À propos de cette édition
Résumé/Sommaire
Un jeune veuf, accompagné de sa petite fille de quatre ans, Géraldine, passe ses vacances sur les lieux où, deux ans plus tôt, sa femme s’est noyée. Pendant la nuit, il s’éveille à la voix angoissée de Géraldine. Il l’aperçoit sur le terrain, luttant avec une forme invisible qui l’entraîne. Il se lance à leur poursuite et retrouve sa fille couchée sur la tombe de sa mère. Il la ramène, la couche et, lorsqu’il débouche dans sa chambre, il se voit dans le lit. Alors, c’est comme s’il s’éveillait et apercevait son double au pied de son lit, se dissolvant doucement dans la nuit.
Commentaires
Réjean Bonenfant, dans son recueil La Part d’abîme, démontre de belles qualités d’écriture et une profondeur certaine de l’imaginaire. Ses personnages sont entiers, plausibles, toujours multiples, complexes.

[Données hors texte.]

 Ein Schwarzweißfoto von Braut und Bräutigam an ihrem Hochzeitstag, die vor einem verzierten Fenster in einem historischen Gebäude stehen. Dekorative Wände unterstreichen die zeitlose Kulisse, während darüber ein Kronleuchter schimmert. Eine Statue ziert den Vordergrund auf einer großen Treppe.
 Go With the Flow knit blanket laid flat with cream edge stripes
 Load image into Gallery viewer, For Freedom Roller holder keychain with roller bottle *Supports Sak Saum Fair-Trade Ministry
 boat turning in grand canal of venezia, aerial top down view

Ici, c’est l’esquisse d’une famille monoparentale où le père trouve à la fois exaltant et difficile son rôle, où l’adulte, face à la solitude et à une enfant qui lui en remontre sur le sens des responsabilités, s’enfonce dans un certain désespoir. Par d’habiles touches, l’auteur réussit à montrer le besoin d’enfance de l’homme et les percées intermittentes de maturité chez sa petite fille, créant ainsi un effet de renversement des valeurs qui décrit bien la relation multidirectionnelle qui s’établit toujours dans une relation adulte/enfant.

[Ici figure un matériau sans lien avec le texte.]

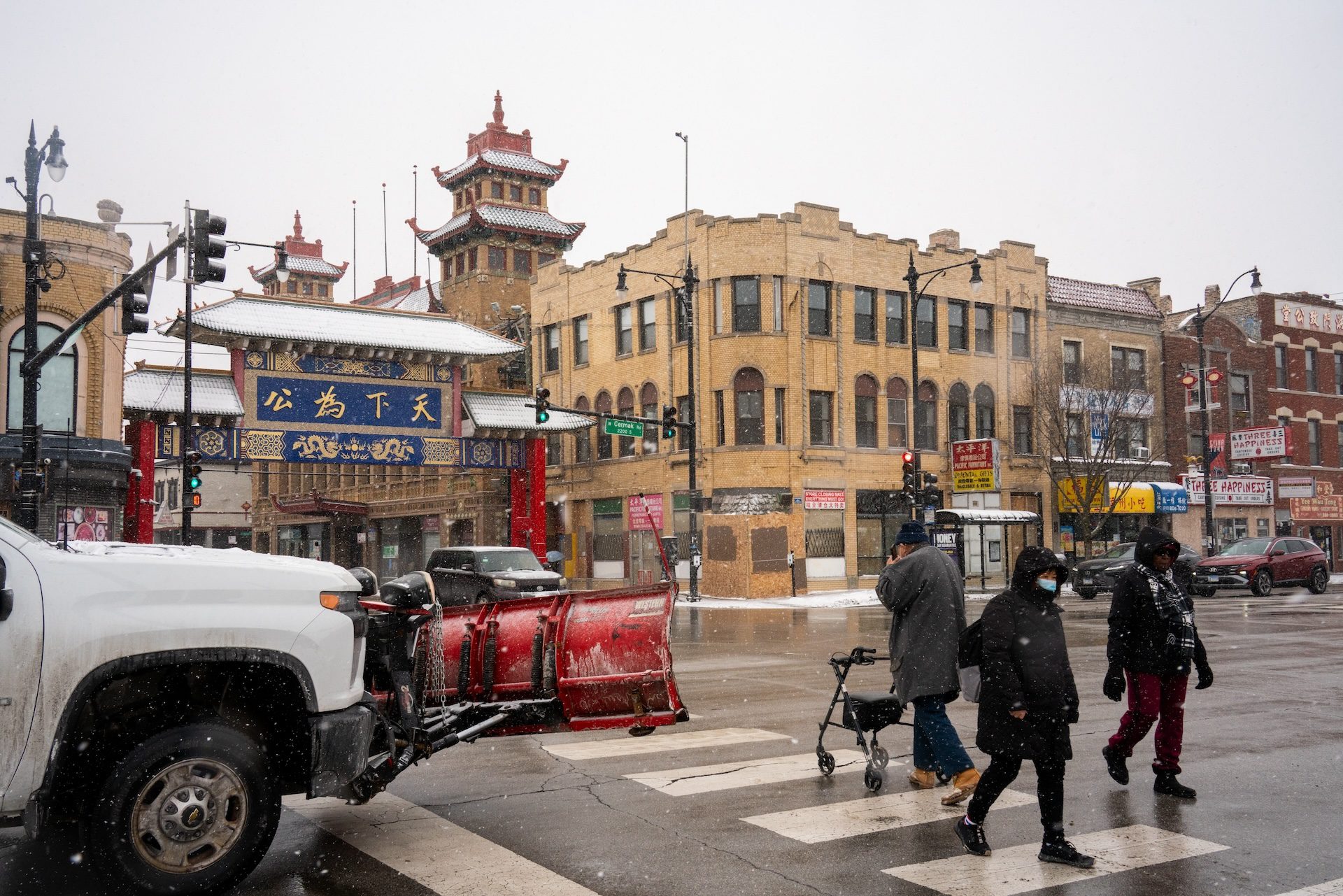 With snow falling, people cross the busy Chinatown intersection of Cermak Road and Wentworth Avenue on Jan. 30, 2026. Chicago's Chinatown Gateway is seen in the near distance.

Beaucoup plus classique quant à la thématique fantastique, « Géraldine » propose la rencontre du double et si le renversement de point de vue est habilement effectué, la fin de la nouvelle et la signification ultime de cet épisode surnaturel ne sont pas très claires. Un peu comme dans la nouvelle précédente – ce sont les deux seuls textes touchant nos domaines de prédilection dans ce recueil – l’histoire tombe à plat. Le lecteur, après cette expérience particulière, se serait attendu à une plus grande réaction du narrateur mais celui-ci ne réagit guère, se rendort même avec une mince résolution, celle de laisser le quotidien reprendre sa place dans la vie de sa petite famille. Toute la construction de cette nouvelle tend vers une fin, la réclame à cor et à cri, et cette nouvelle ellipse laisse incomplet ce texte qui, sans cela, se serait avéré un beau bijou. On aurait aimé, entre autres, quelques tentatives d’explication de l’expérience. L’homme voit-il la présence invisible qui a amené Géraldine vers la tombe comme une manifestation de la mère, ou comme une matérialisation de son désespoir et du cruel manque de sa femme ?
Malgré tout je dirai, et n’ayons pas peur de nous répéter, que c'est « … une belle nouvelle quand même ». [JPw]
- Source : L'ASFFQ 1987, Le Passeur, p. 49-50.